Well and good. Here, though, let's focus on the opposite end of the spectrum. What's the lowest score?
For that, we have to go back to Berlin 1936. 23 nations entered the inaugural Olympic basketball tournament. They were probably sorry they did. FIBA, basketball's international governing body, decided to use Berlin as an opportunity to experiment with outdoor basketball. Things weren't at the stage yet where you could get brand new venues for virtually every event, so they had to improvise, and the venue selected for basketball turned out to be a group of lawn, clay and sand tennis courts that the records (PDF file, page 162-163) don't give a formal name to.
The thing about playing basketball on grass and clay is that the ball doesn't bounce like it does on hardwood or concrete. The thing about playing basketball outdoors is, well, it's fine when it's sunny out. But sometimes it's not sunny. Sometimes it rains.
Have you ever played basketball on sand? In a rainstorm? It doesn't work too well.
Oh, and it's the pre-shot-clock era.
And the organizers banned any player over 6 foot 3, as David Wallechinsky's Complete Book of the Olympics maintains (this thing is a godsend come Olympic time). That rule got rescinded only after an American protest.
And also there's no NBA yet and the US Olympic Trials were won by a company team from Universal Pictures (now Universal Studios), a team supplemented in Berlin by players from the runner-up McPherson Globe Refiners of Kansas and University of Washington player Ralph Wilson.

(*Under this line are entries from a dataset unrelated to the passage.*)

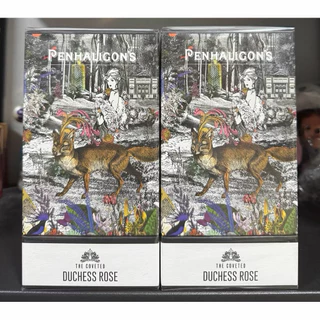 🏷️ น้ำหอม Penhaligon's The World Eau De Parfum Spray75ml.🧸 กล่องซีล ของแท้💯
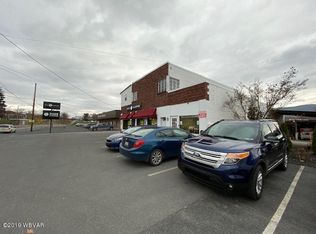 1604 E 3rd St FLOOR 2, Williamsport, PA 17701
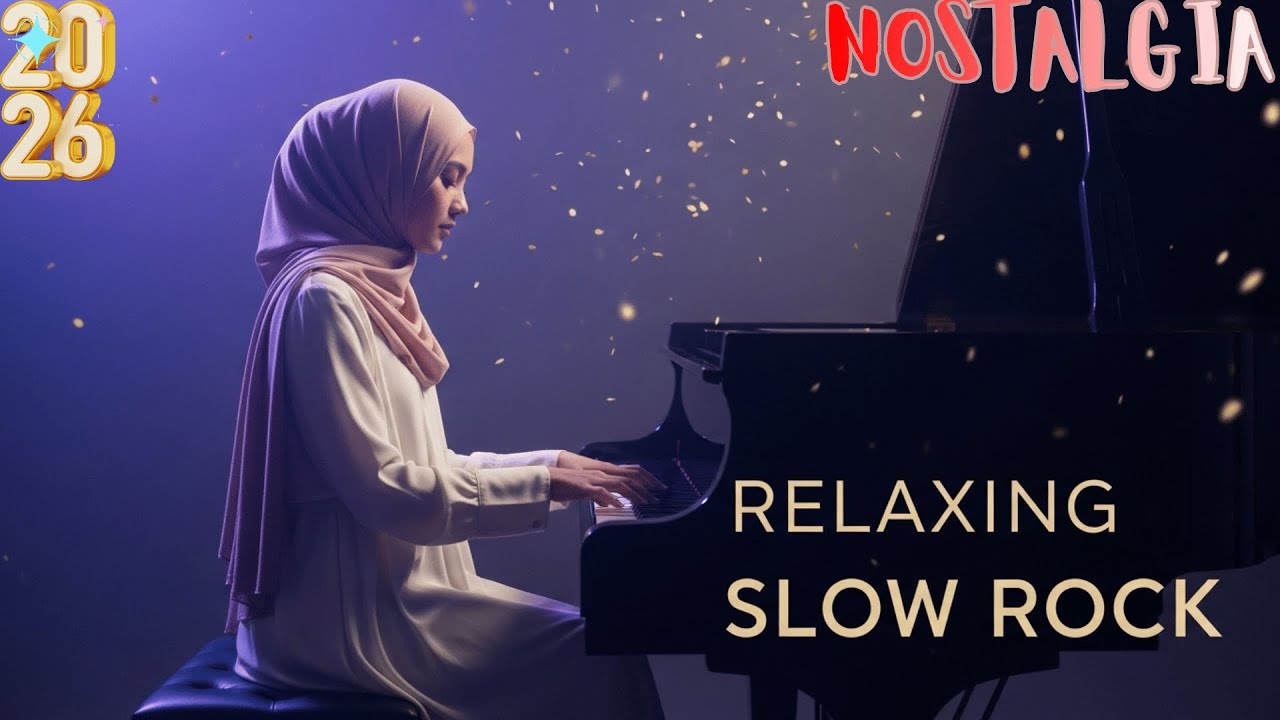 Best Of 70s Soft Rock Ballads Playlist | Timeless Soft Rock Hits for Relaxing & Nostalgia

And that was the American team, still not really facing any true international competition. (The team was split in half and alternated games, as another rule limited teams to seven players in uniform for any one game.)

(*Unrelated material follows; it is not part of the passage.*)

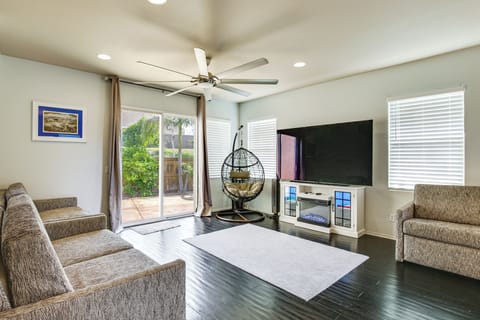 Chula Vista Vacation Rental | 3BR | 2.5BA | Stairs Required | 1,671 Sq Ft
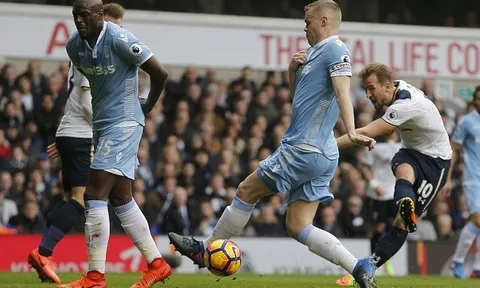 22h00 ngày 27/08, Tottenham vs Burnley: Tìm lời khẳng định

Some sample scores, taken utterly at whim from a glance at the bracket:
*Peru 35, Egypt 22
*Japan 35, China 19
*Poland 28, Latvia 23
*Czechoslovakia 20, Germany 9
*Philippines 35, Mexico 20
Mexico got the bronze by beating Poland 26-12. The United States, of course, won gold, beating Canada in the final. The final was held during a gigantic rain dump on the tennis courts, meaning the 1936 Olympic basketball gold medal match was held on a wet sand surface, in the rain, and also the fans had no actual seats, so they had to stand in the rain watching the basketball-like substance that was being extruded on them.
The final score was 19-8. Canada's eight points is the record for lowest score in a non-forfeited Olympic basketball game. (There were six forfeits in 1936. Two involved Peru's mid-Olympic boycott of Nazi Germany; two more involved Spain being caught up in the Spanish Civil War; and the other two were forfeits by Hungary, who also withdrew prior to the competition.)
And let us all pray it never gets challenged.